**TRY IT**
Only a verbatim restatement of the lines from the one with "NO:642014,Chanel's latest necklace" through the end of the listing below is wanted. Pictures should be left out.

**GIVEN INFORMATION**
● ● ● ● ● ● ●

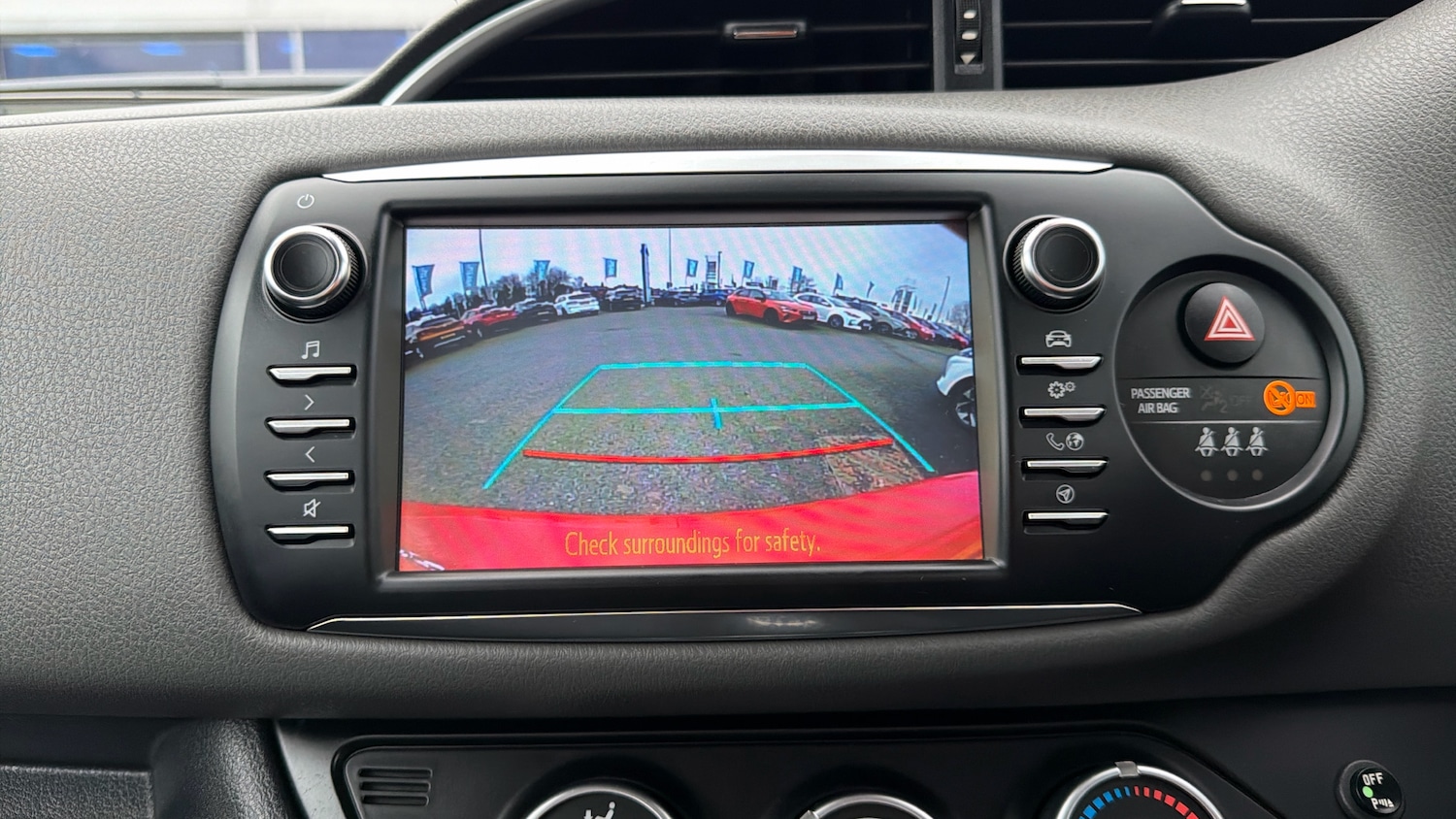 Used Toyota Yaris 2018 for sale - 77813292: Photo 8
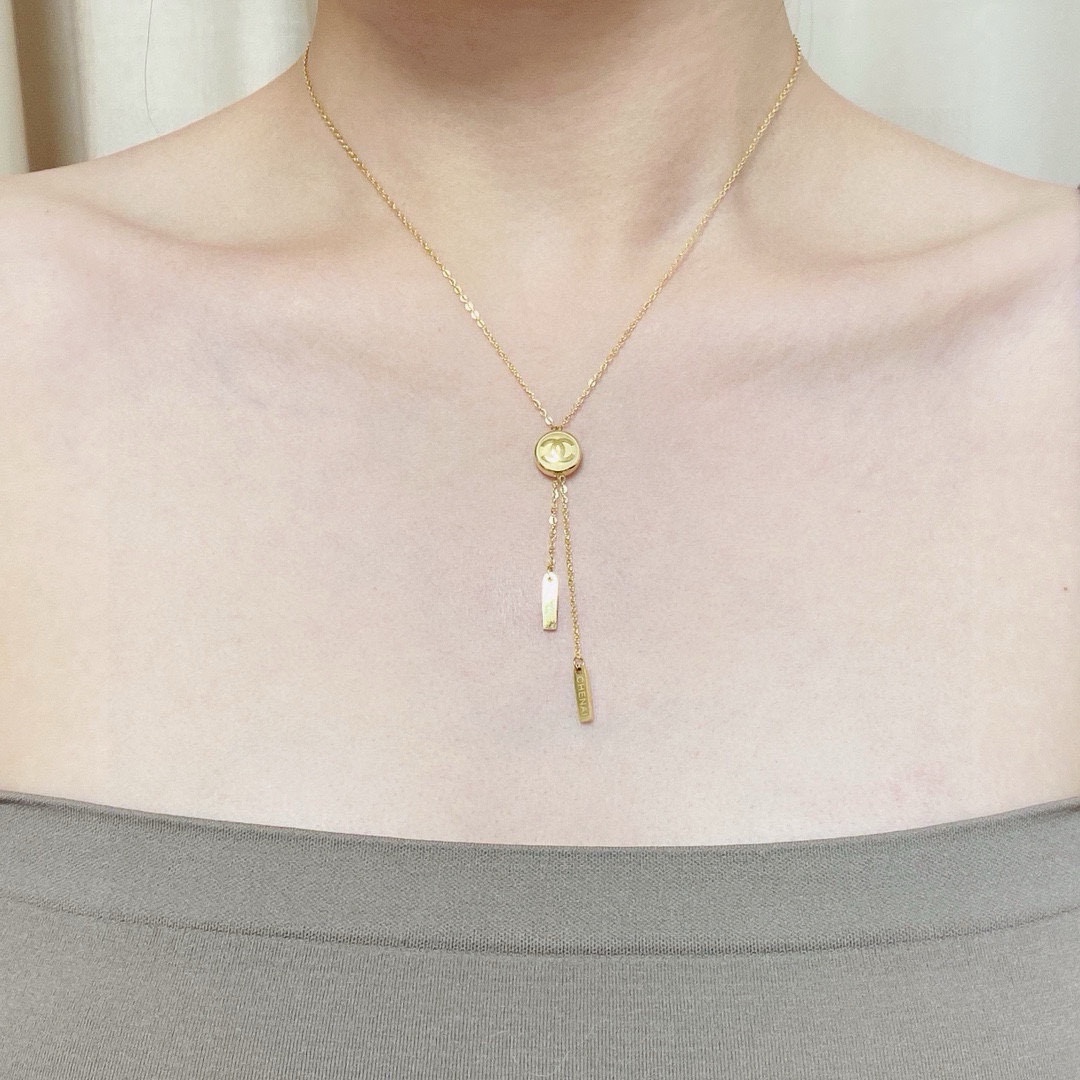 NO:642014,Chanel's latest necklace is super personalized, the versatile style is particularly amazing, the overall details are very surprising, and the design is full of sense. It not only brings out personal confidence and taste, the style is elegant and fashionable, highlighting the French elegance, and the meticulous details make it more attractive to wear. Boutique jewelry, chanel, chanel, necklace19860909香奈儿Chanel最新款项链超个性,百搭款特别特别赞,整体细节非常令人惊喜,设计感十足,不仅带出个人自信及品味,款式典雅而时尚,突显法式高雅气息,加上一丝不苟的细节,使得佩戴起来更具吸引力,饰品精品,chanel,chanel,necklace,Jewelry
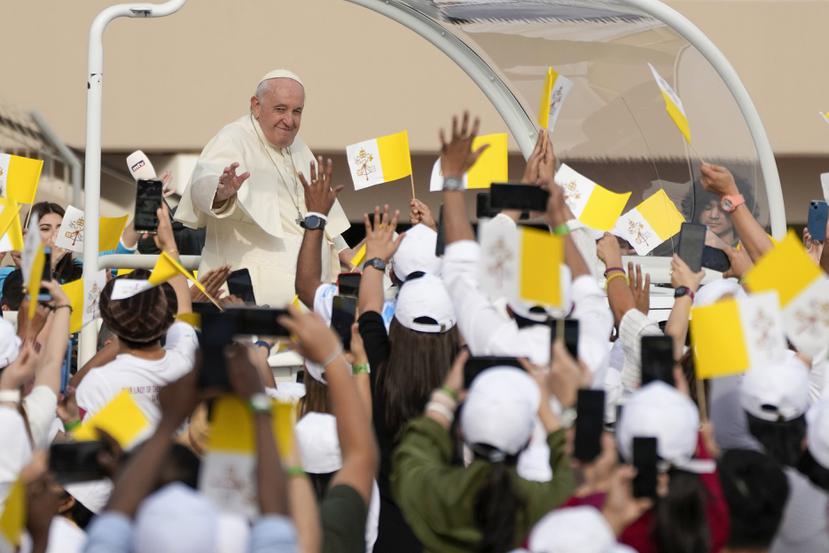 El papa Francisco llega al Estadio Nacional de Bahrein, en Riffa, para celebrar una misa.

● ● ● ● ● ● ●

**ANSWER BOX**
 NO:642014,Chanel's latest necklace is super personalized, the versatile style is particularly amazing, the overall details are very surprising, and the design is full of sense. It not only brings out personal confidence and taste, the style is elegant and fashionable, highlighting the French elegance, and the meticulous details make it more attractive to wear. Boutique jewelry, chanel, chanel, necklace19860909香奈儿Chanel最新款项链超个性,百搭款特别特别赞,整体细节非常令人惊喜,设计感十足,不仅带出个人自信及品味,款式典雅而时尚,突显法式高雅气息,加上一丝不苟的细节,使得佩戴起来更具吸引力,饰品精品,chanel,chanel,necklace,Jewelry
 El papa Francisco llega al Estadio Nacional de Bahrein, en Riffa, para celebrar una misa.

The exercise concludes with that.